- **Dataset extract**:

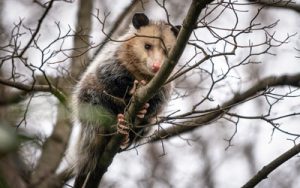 Opossums in Georgia and Tennessee backyards - Active Pest Control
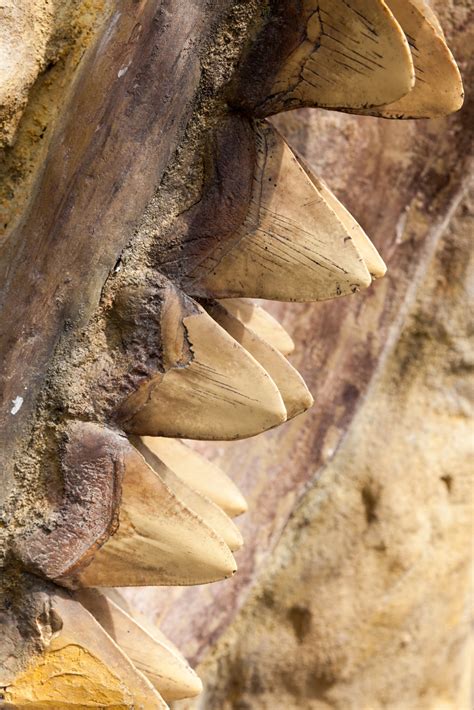 Dinosaur Teeth Free Stock Photo Public Domain Pictures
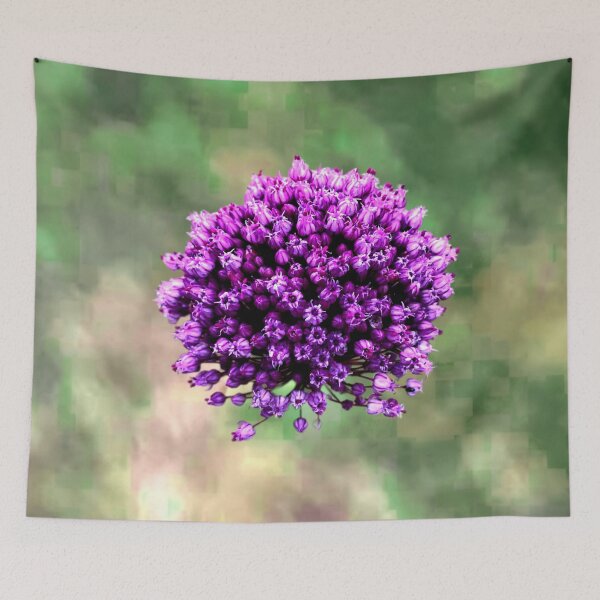Item preview, Allium Ampeloprasum designed and sold by ontological.
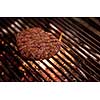 Assorted delicious grilled meat over the coals on barbecue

- **What is needed**: Could you copy each line above exactly as written, minus any pictures?

- **Written solution**:
 Opossums in Georgia and Tennessee backyards - Active Pest Control
 Dinosaur Teeth Free Stock Photo Public Domain Pictures
Item preview, Allium Ampeloprasum designed and sold by ontological.
 Assorted delicious grilled meat over the coals on barbecue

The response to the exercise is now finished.